Tuesday, March 23, 2010

Sermon: March 21 (5th Sunday in Lent)

"Religion is not ours till we live by it, till it is the Religion of our thoughts, words, and actions, till it goes with us into every place, sits uppermost on every occasion, and forms and governs our hopes and fears, our cares and pleasures."
These words from William Law, an Archbishop of Canterbury in the 17th century, reminds us that our religion, our faith, is not ours until we truly own it in our lives and live it in every place we go. And as we live it in our daily lives, and we have new experiences, new epiphanies, our faith will change, or our faith will become fossilized or rigid, where we are unable or unwilling to grow in our faith and thereby get stuck in our ways. God is always at work creating new things and we must be open to the newness that God will bring to our faith and our lives. As our first reading put it,
Do not remember the former things, or consider the things of old. I am about to do a new thing; now it springs forth, do you not perceive it?
For the people of Israel returning from their exile, God tells them through the prophet Isaiah, that the Lord is making things new (do not remember the former things, the days of old, of slavery) It is a time of hope, a time of fortunes restored, a time of renewal for the people of Israel, “look to this newness” God says.

Looking to this newness & expecting new ways of living in our faith could be the difference between inhabiting a living faith and a faith that is dead.

There once was a devoted priest who wished to have a vision of both heaven and hell, and God gave way to his pleading. The priest found himself before a door which bore no name. He trembled as he saw that it opened into a large room where all was prepared for a feast. There was a table, and at its center, a great dish of steaming food was set. The smell and the aroma tantalized the appetite. Diners sat around the table with great spoons in their hands, yet, to the priest's surprise, they were miserable— gaunt with hunger. They tried desperately to feed themselves, but gave up—cursing God—for the spoons that God had provided were so long that they could not reach their mouths. So these pitiable self-feeders starved while a feast lay before them. The priest had seen enough, so the door to this room closed before his eyes.

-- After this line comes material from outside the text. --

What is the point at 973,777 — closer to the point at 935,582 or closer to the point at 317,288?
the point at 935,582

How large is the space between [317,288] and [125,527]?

Next, the priest found himself standing before another door that appeared the same as the previous one. He began to despair, for he did not want to see that scenario again. Again, the door opened, and it led to a room just like the first. Nothing had changed. There was a table at the center of the room with a dish of steaming, delicious food. Around it were the same people. But there were no cries of anguish, and no one appeared gaunt and starving, even though they, too, had the same elongated spoons. Nothing had changed, yet everything had changed. With the same long spoons these people reached to each other's mouths, and fed one another. And their joy was over flowing.
Are we ready to see what God is doing today that is new? Is our faith open enough? It can be frightening not knowing what is in store, but it is God who invites on this journey, and there will be refreshment:
for I give water in the wilderness, rivers in the desert, to give drink to my chosen people, the people whom I formed for myself.
We need to trust that God will lead us where we need to go, for our job is to seek out where God indeed is doing new things & from their we will be fed… Maybe we need some theme music…{cue star trek theme song}

Which means we must boldly go as Christians, to seek out that new life, that new civilization that God wants us to begin here on earth. For us on board the USS St. Peter, it begins as we boldly go with our new mission to reach out in love to children in need in a Russian Orphanage. But this isn’t just about us reaching out to them, but knowing we will also be transformed as we learn about a different culture, as we learn about the faith they inhabit, as we hear their music, taste their food. This is mission is really a two way street, a street that God has us traveling. That our faith will be made new as we reach out our hand in love to others.
“The Church’s mission is response to the living God Who in God’s love creates, reveals, judges, redeems, fulfills. It is God who moves through our history to teach and to save, who calls us to receive His love, to learn, to obey and to follow. Mission is not the kindness of the lucky to the unlucky; it is mutual, united obedience to the one God whose mission it is.”
We live out our mission by what we give, what we say, and how we in turn see the new thing God is doing in our lives by God’s mission in this world today. As one person put it,
“Make your life a mission – not an intermission.” (Arnold Glasgow)
It can be scary but it is also enlivening, for the Spirit of God will lead us in fulfilling God’s mission today. So on this day, as we look to see what new things God is calling us into here at St. Peter’s Church and the call for each of us to live out our faith in our daily lives, I invite you into a prayer, a prayer from the Metropolitan Bishop of Moscow in 1876 that speaks to our search for God’s will in our life:
O God, I do not know what to ask of you. You alone know my true needs and love me more than I know how to love. I ask neither for cross nor consolation, but only that I may discern and do your will. Teach me to wait in patience with an open heart, knowing that your ways are not our ways, and your thoughts are not our thoughts. Help me to see where I have erected idols of certitude to defend myself from the demands of your ever unfolding truth: truth you have made known to us in the one who is the truth, our Savior Jesus Christ. Amen.